→ INSTRUCTIONS TO FOLLOW
Below are records with pictures. Transcribe exactly, and only, the lines from the line with "image 1 of ValueLights" to the line with "Serviette En Papier", both ends included, but not the pictures.

____ DATA FOR THIS TASK

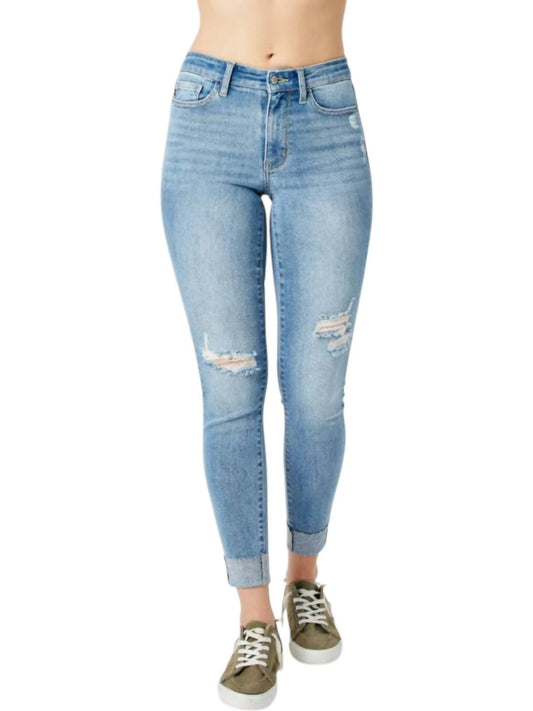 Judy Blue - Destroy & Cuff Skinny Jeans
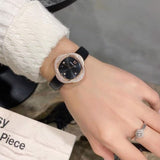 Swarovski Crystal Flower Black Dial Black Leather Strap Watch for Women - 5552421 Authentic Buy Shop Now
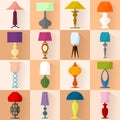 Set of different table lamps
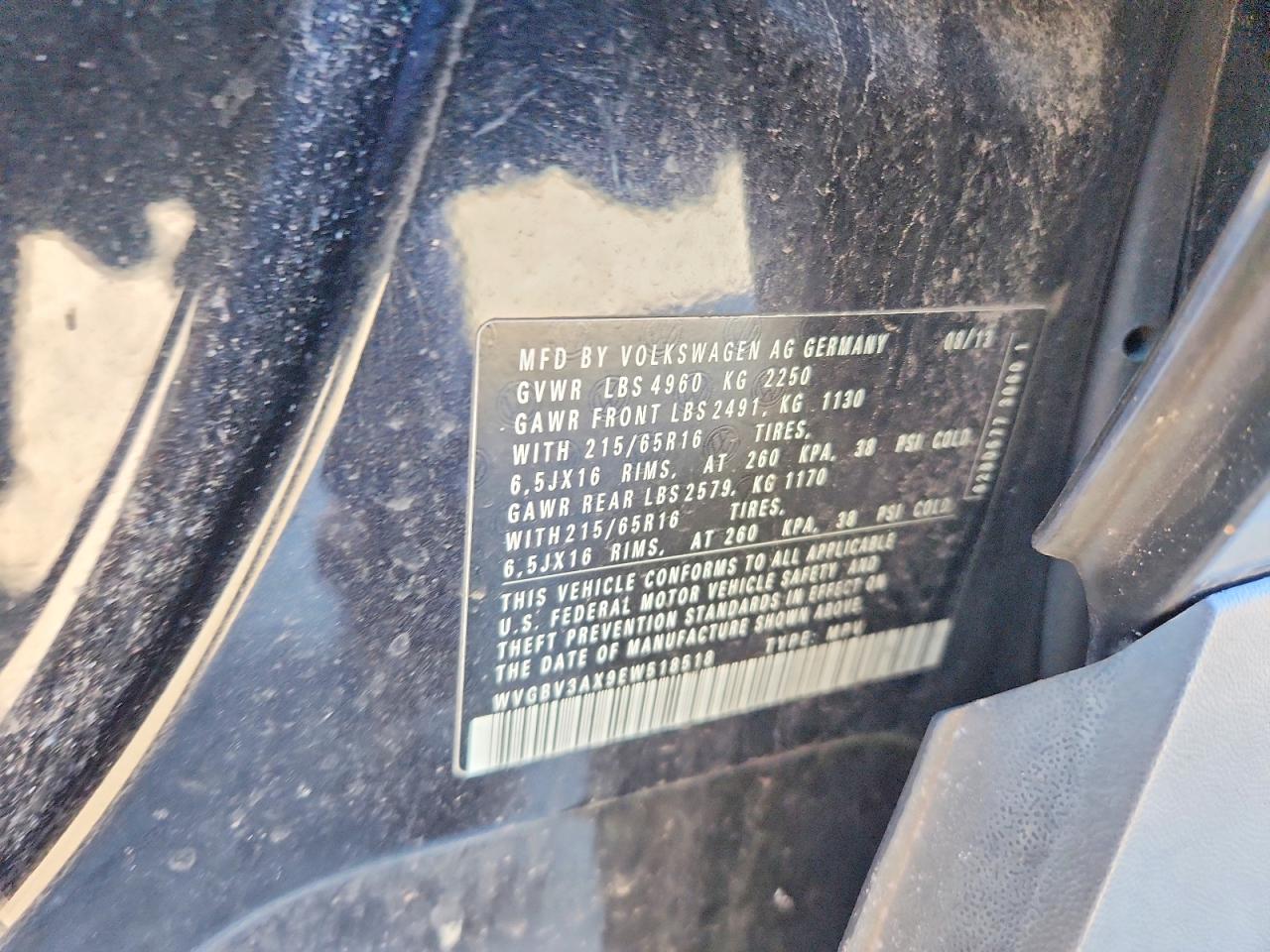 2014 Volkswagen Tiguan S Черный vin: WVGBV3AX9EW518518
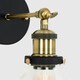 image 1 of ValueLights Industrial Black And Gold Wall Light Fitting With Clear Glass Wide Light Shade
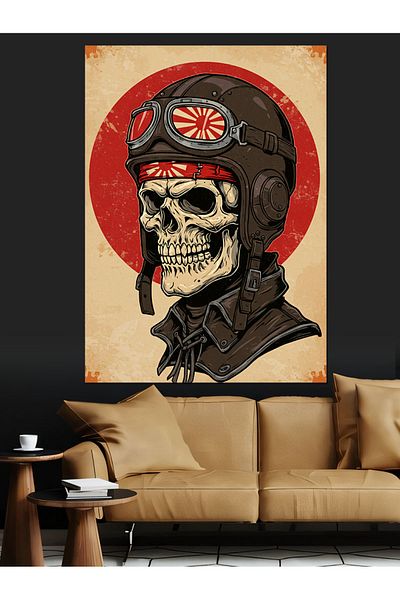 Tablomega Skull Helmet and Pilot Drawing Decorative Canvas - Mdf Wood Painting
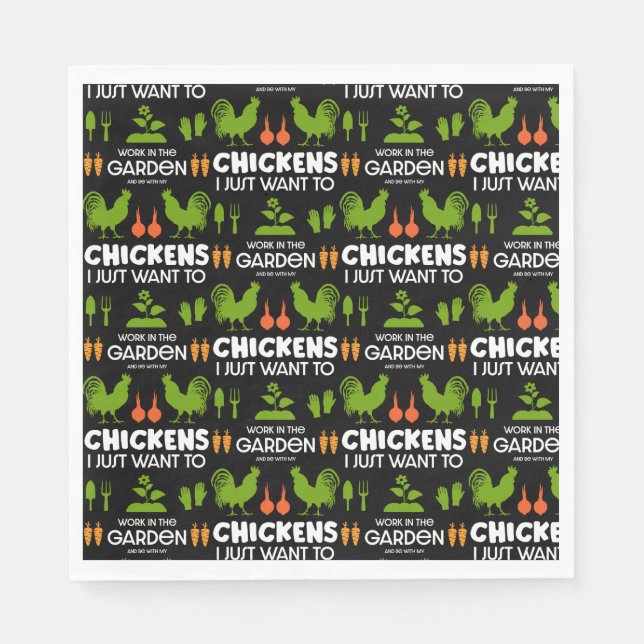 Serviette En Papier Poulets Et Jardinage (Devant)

________
____ DATA FOR THIS TASK

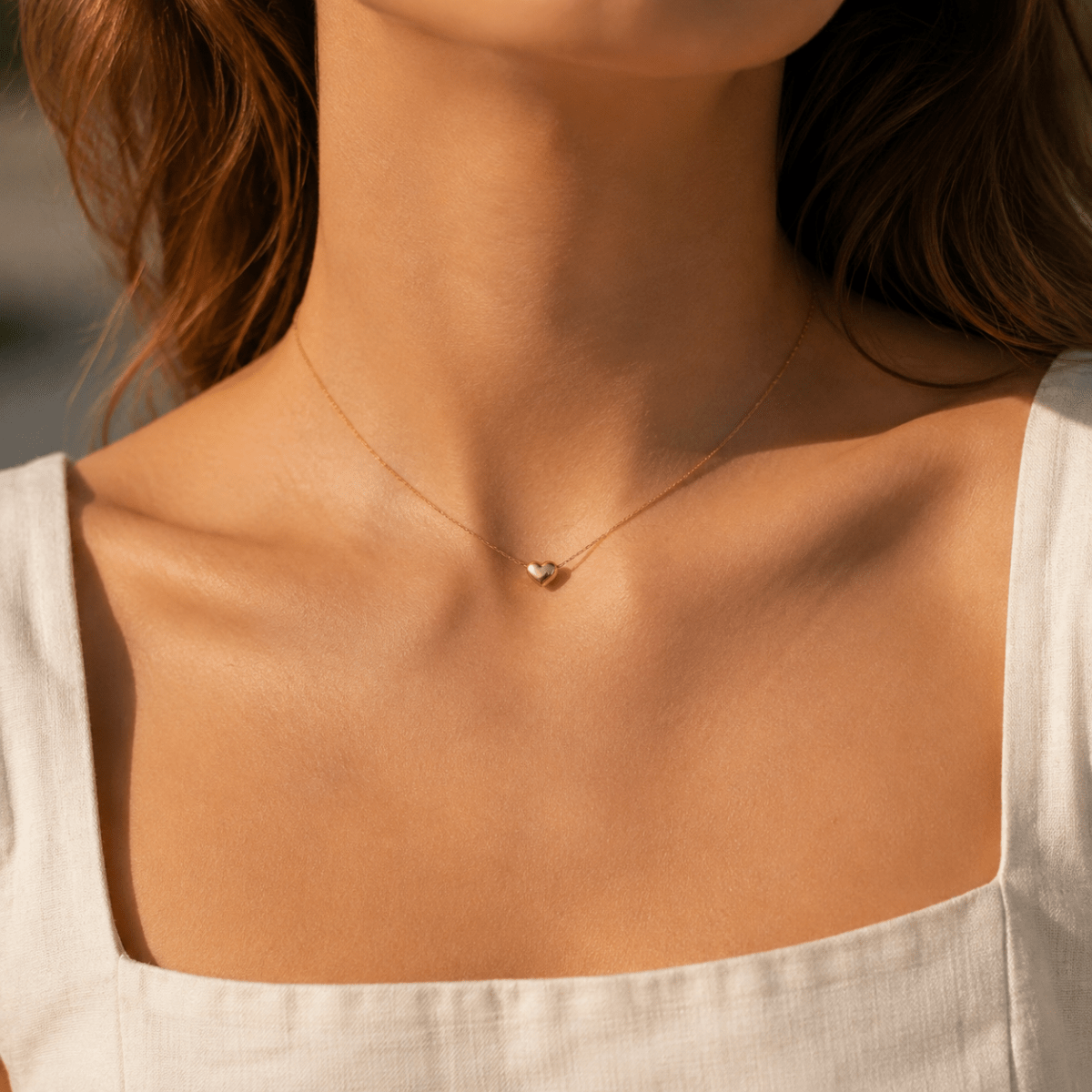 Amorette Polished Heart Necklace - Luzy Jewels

________

→ ANSWER BOX
 image 1 of ValueLights Industrial Black And Gold Wall Light Fitting With Clear Glass Wide Light Shade
 Tablomega Skull Helmet and Pilot Drawing Decorative Canvas - Mdf Wood Painting
 Serviette En Papier Poulets Et Jardinage (Devant)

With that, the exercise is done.